2. A device, as claimed in claim 1, wherein an accessible space is formed within said crash helmet housing electric batteries for powering said motor.
3. A device, as claimed in claim 1, comprising a reversing switch, which has a shut-off center position and two symmetrically arranged side positions each corresponding to reverse polarity feeding, whereby the motors are powered with opposed polarity currents to cause the visor to open or close.
This invention relates to an electrically powered device for opening and closing the visor of a crash helmet, particularly useful in motorcycling applications.
As a rule, visors for crash helmets, in motorcycling or sport applications, are associated with the helmet skullcap either by simple journalling with snap locating means, or by snap engagement means which provide for the visor forward movmement by releasing it from its seat and enabling the subsequent opening movement thereof by rotation.
Such means, however, must be operated manually, and quite frequently require the use of both hands by the helmet user, thus being inconvenient to use and potentially dangerous.

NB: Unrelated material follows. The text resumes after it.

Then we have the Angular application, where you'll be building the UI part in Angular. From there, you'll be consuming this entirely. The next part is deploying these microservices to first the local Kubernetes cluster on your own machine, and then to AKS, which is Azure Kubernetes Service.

It is an object of this invention to provide a device which affords the possibility of opening and closing the visor of a crash helmet.

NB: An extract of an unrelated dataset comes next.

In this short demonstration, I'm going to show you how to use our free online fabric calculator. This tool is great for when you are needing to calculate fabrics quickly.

A consequent primary object of the invention is to provide a device which can effect the visor opening and closing mechanically through a suitable power means.
Another object is to provide a device which can be actuated with one hand by the helmet user.
It is a further object to provide a device of small size which can be accommodated within the skullcap structure of the helmet.
These and other objects, such as will be apparent hereinafter, are achieved by an electrically poweered device for opening and closing the visor of a crash helmet, characterized in that it comprises a small electric motor driving, through transmission means, a gear segment in the shape of a quarter-circle arc followed by a straight region, the movement of said gear segment determining accordingly a translatory movement followed by a rotation (or vice versa), one end of the helmet visor being associated with said gear segment.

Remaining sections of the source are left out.